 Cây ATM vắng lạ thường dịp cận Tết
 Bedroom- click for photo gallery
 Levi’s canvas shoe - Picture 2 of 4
—————
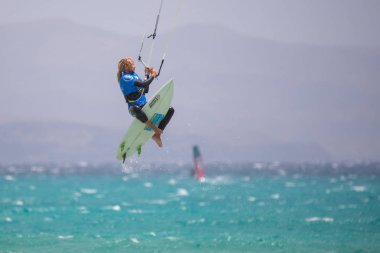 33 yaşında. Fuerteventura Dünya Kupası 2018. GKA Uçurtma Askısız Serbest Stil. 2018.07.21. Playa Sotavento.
—————
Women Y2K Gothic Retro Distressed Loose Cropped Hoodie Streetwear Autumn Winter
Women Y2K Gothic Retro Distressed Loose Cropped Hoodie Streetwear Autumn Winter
—————
PROMPT:
A verbatim transcription is needed of the lines above, starting at the line with "Cây ATM vắng lạ thường dịp cận Tết" and ending at the line with "Levi’s canvas shoe - Picture 2 of 4", both included, and of nothing else.

WRITTEN ANSWER:
 Cây ATM vắng lạ thường dịp cận Tết
 Bedroom- click for photo gallery
 Levi’s canvas shoe - Picture 2 of 4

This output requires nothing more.